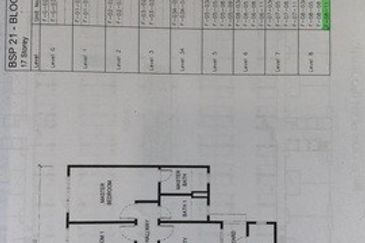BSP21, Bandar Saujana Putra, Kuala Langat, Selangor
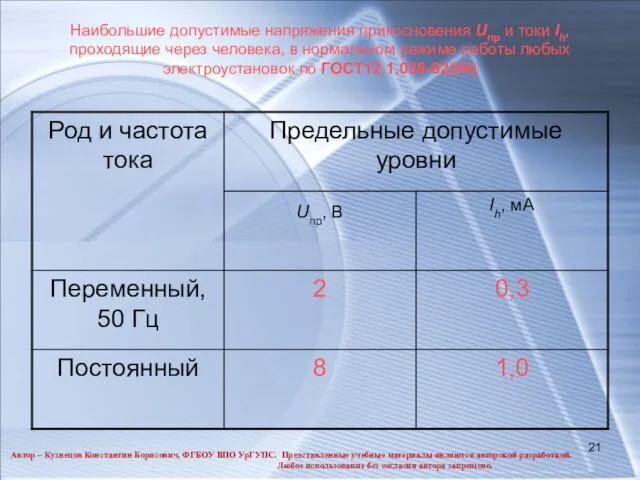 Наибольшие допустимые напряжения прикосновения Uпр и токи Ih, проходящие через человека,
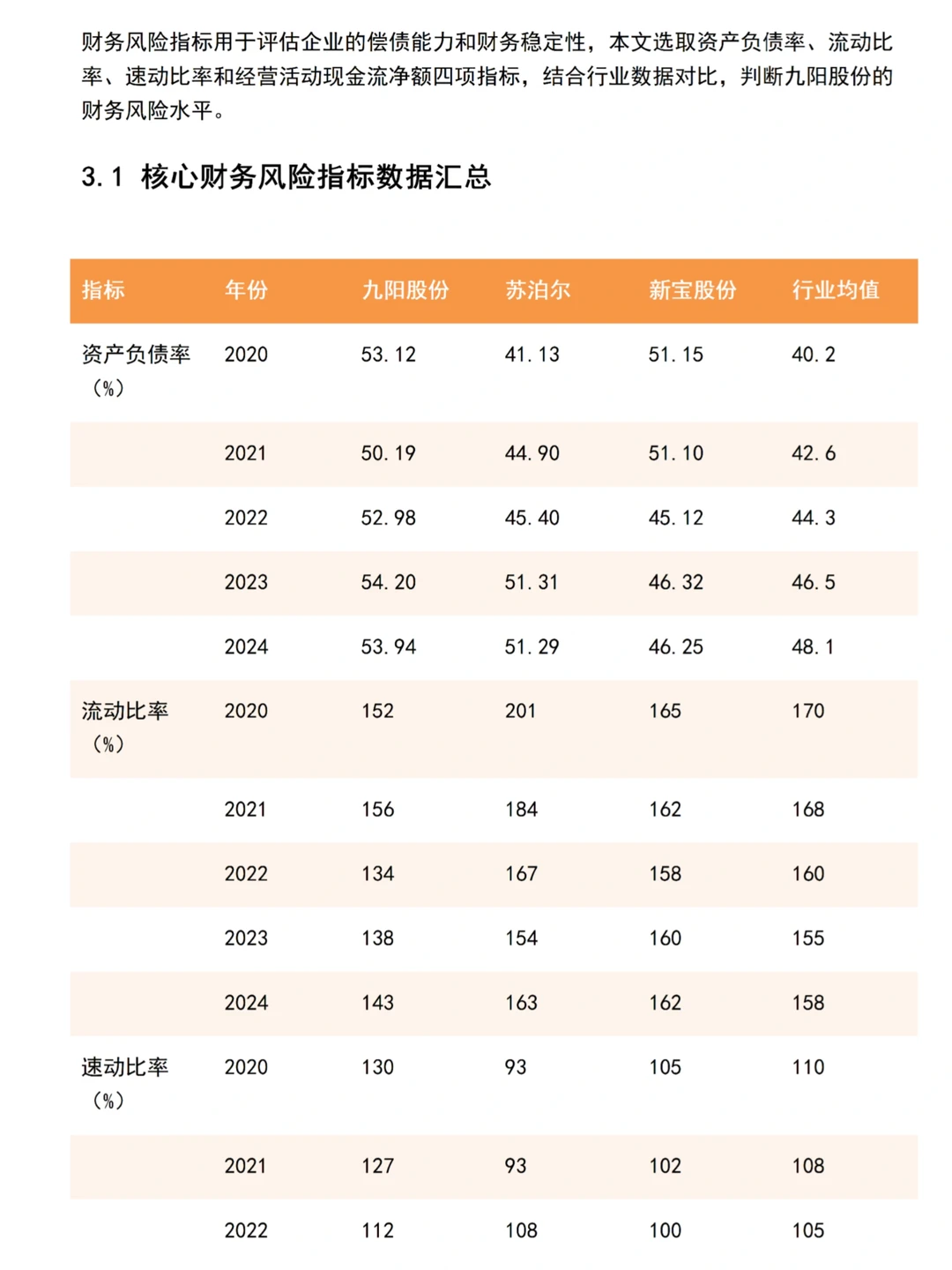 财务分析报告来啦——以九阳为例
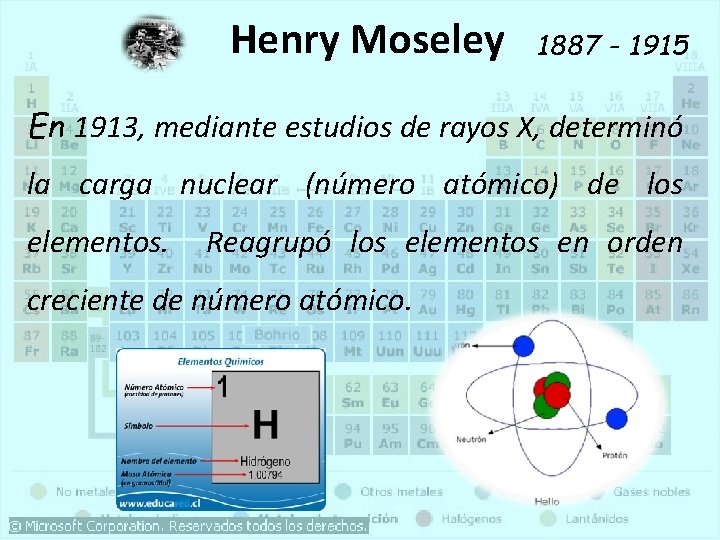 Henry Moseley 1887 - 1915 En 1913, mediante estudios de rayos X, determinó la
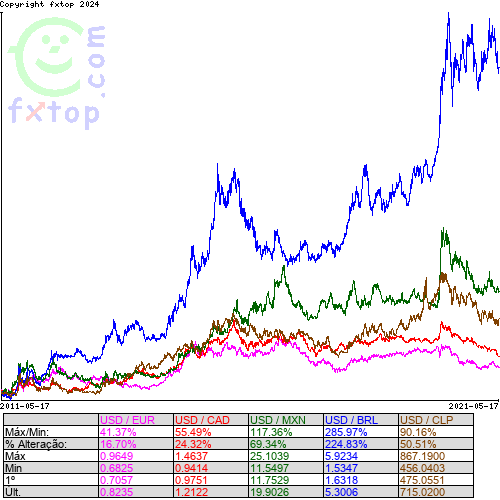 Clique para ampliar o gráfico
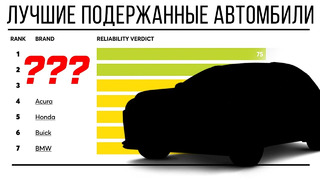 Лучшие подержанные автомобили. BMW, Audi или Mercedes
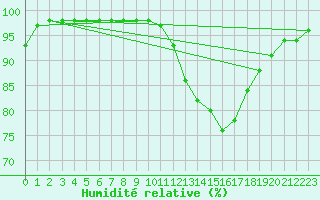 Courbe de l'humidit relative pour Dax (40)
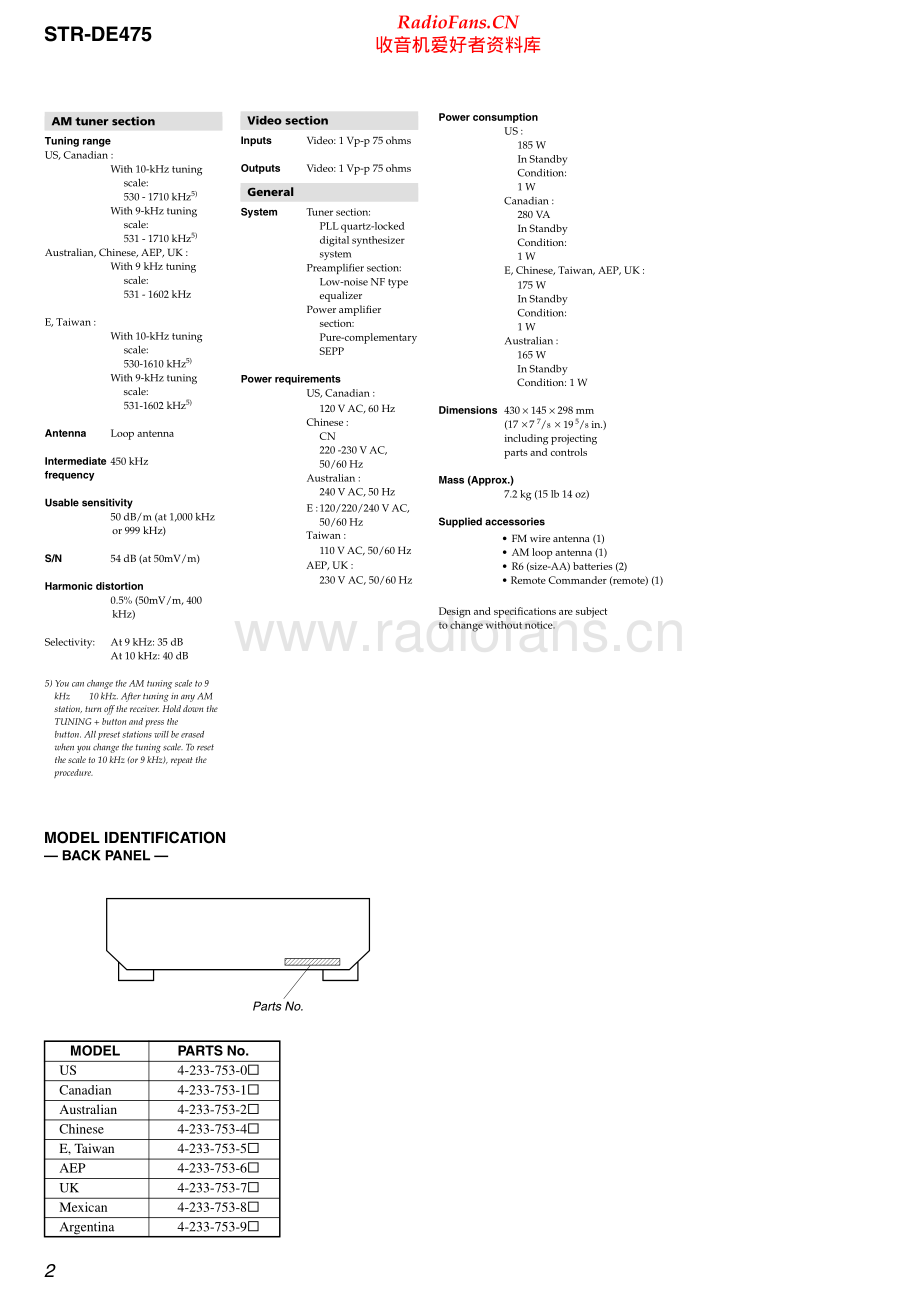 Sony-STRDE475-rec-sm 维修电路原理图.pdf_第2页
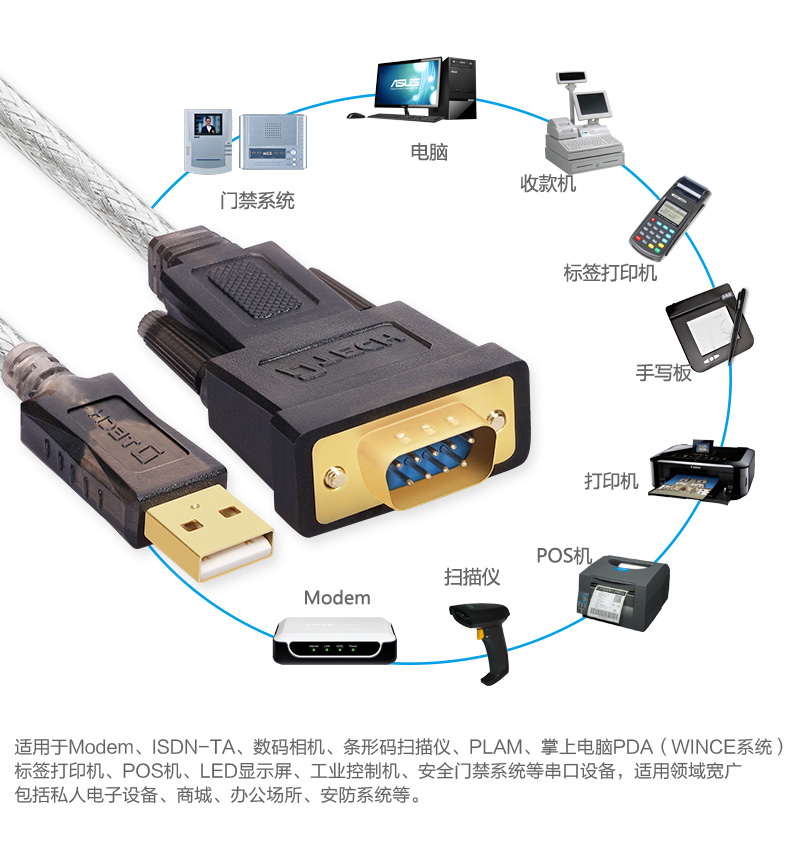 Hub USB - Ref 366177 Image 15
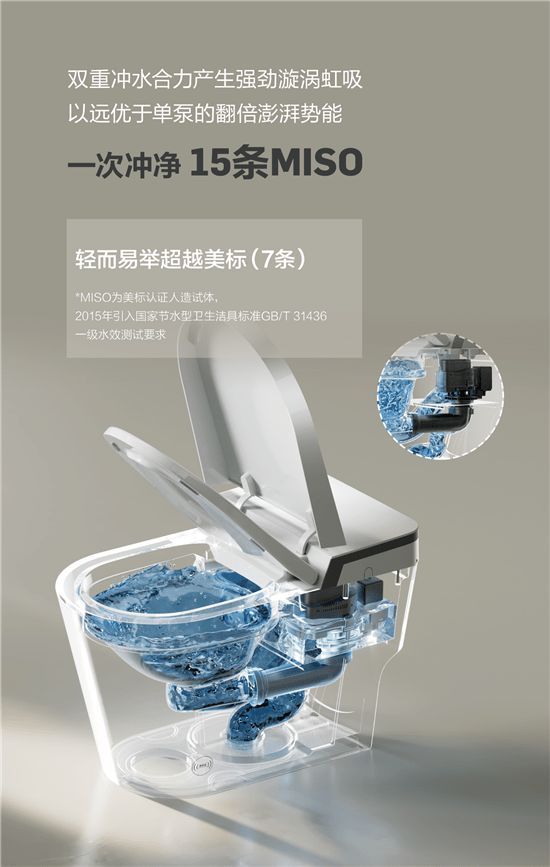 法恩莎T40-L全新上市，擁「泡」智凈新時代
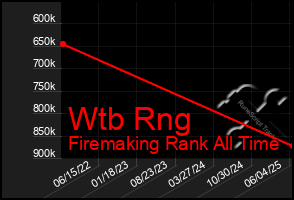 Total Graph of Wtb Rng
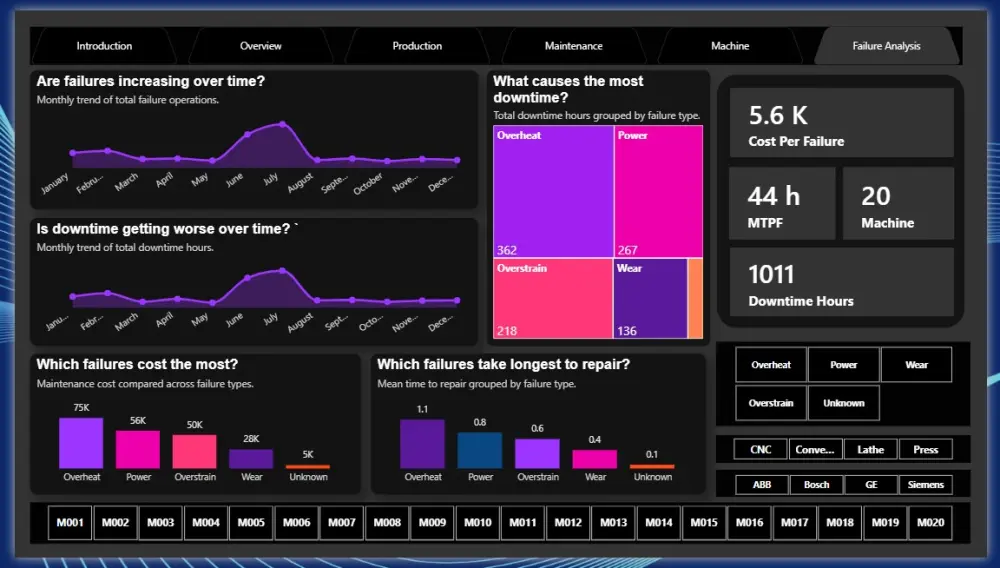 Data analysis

§ §

> Work to be completed
Pictures are not part of the copy. Output only the lines from the one with "Clique para ampliar o gráfico" through the final line of the records, exactly as given.

> Exercise solution
 Clique para ampliar o gráfico
 Лучшие подержанные автомобили. BMW, Audi или Mercedes
 Courbe de l'humidit relative pour Dax (40)
 Sony-STRDE475-rec-sm 维修电路原理图.pdf_第2页
 Hub USB - Ref 366177 Image 15
 法恩莎T40-L全新上市，擁「泡」智凈新時代
 Total Graph of Wtb Rng
 Data analysis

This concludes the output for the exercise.